"We have the word of the prophets made more certain, and you will do well to pay attention to it, as to a light shining in a dark place, until the day dawns and the morning star rises in your hearts." (2 Peter 1:19)
Bible prophecy is not much in vogue among many preachers today. Prophecy, both fulfilled and unfulfilled, is the raw material of eschatology, the doctrine of last things. One kind of eschatology is apocalyptic, which has a heavy overlay of the imminence of the Lord's return and of impending judgment. Whatever may be our theological system, this is the end of the doctrinal encyclopedia that generally gets scant utterance in the typical evangelical pulpit. There are exceptions, of course, where prophecy has become the "hobby" of some preachers with a resulting pulpit that is altogether out of balance.
It is being said of most graduates of my own Trinity Evangelical Divinity School, an institution which confesses its belief in "the imminent and premillennial" return of Jesus Christ: "our preacher seldom touches eschatology." The first six chapters of Daniel about does it. The first three and the last three chapters of Revelation are it. The late Paul Feinberg and I often taught "Preaching Bible Prophecy," and the fifteen or so students were assigned sermon texts out of the heart of Biblical apocalyptic. The sermon proposition in almost every case was the wholly true but vacuously general sentence: "God is sovereign." Thank God for this glorious truth but are there no more definite or detailed ideas about the wrap-up of space-time history set forth in this passage as over against other passages? What are we afraid of? Why not preach Bible prophecy?
Hazards To Be Overcome
Some among us have developed a severe allergy to preaching Bible prophecy because they were over-exposed to a suffocating overage at some earlier stage in their development.
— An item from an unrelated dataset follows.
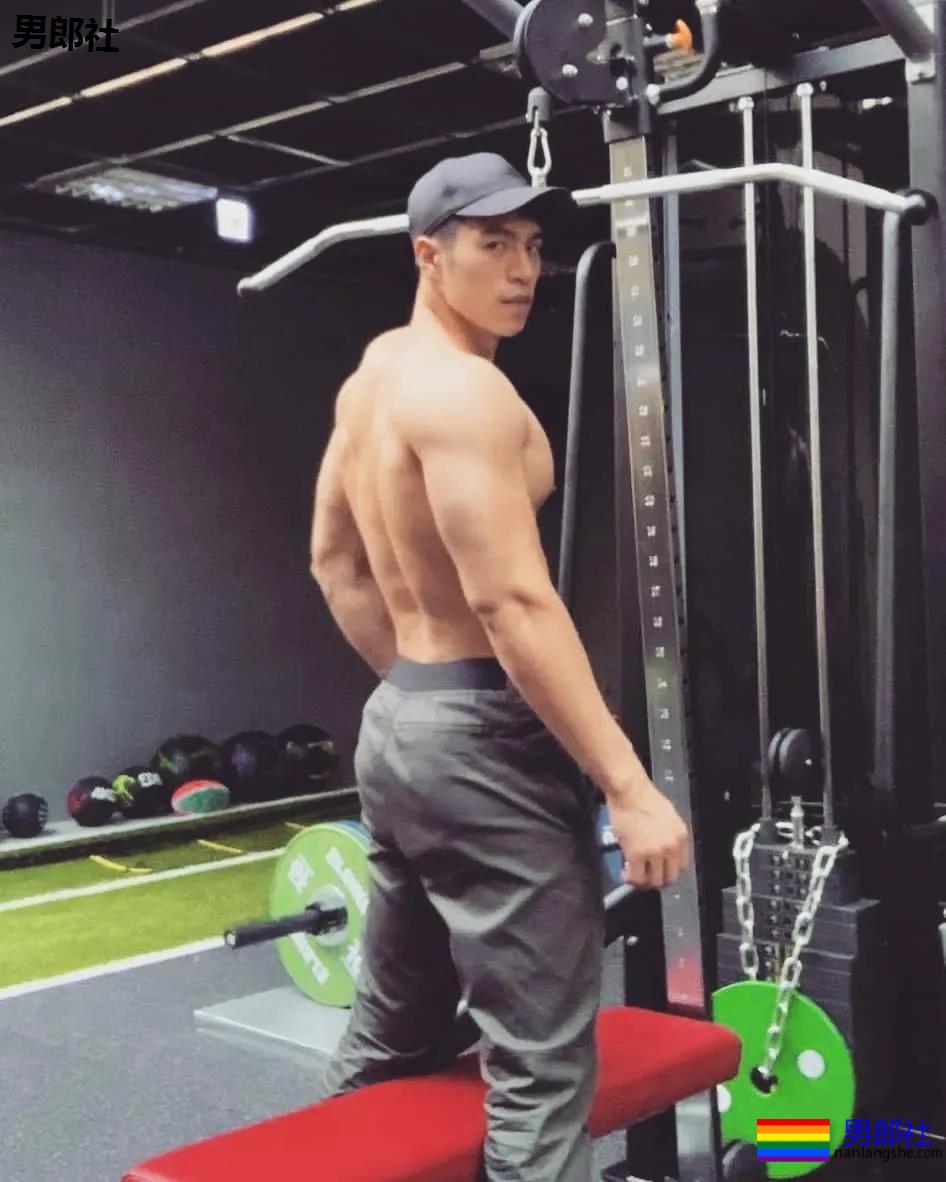 靠臀膜走红的筋肉男模，这撑爆衬衫的胸肌大到犯规！ - 51虹马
Some preachers have been more interested in the number of hairs on the beard of the he-goat in Daniel 8 than in the seven sins of believers. But the pendulum effect is in fact an immature reaction. Imbalance is no excuse for imbalance.
There have been the "crazies" and the "looneys" among us (and this is true down through history; see my The Company of Hope: A History of Bible Prophecy in the Church, 2004) who have majored in date-setting and identification of the anti-Christ. Much attention is paid to the Jupiter Effect, the tunnels in the great pyramids, the "gospel in the stars," the Bible Codes and all manner of extra-Biblical data which come very close to becoming "adding" to the Word of God (Deut. 4:2, Rev. 22:18). Anything we know about the shape of things to come must be what careful Biblical exegesis yields and what legitimate inquiry and reflection at the next level may assert by way of implication.
Putting it bluntly, really preaching Bible prophecy necessitates more work and study than many are willing to give it. Mastery of Daniel and Zechariah, the Olivet Discourse, 2 Thessalonians and the Revelation and their intertextual relationships is formidible. But is it worth it? We are helped here by awareness of our system — which is also true of every other major theological entry we bring into discourse.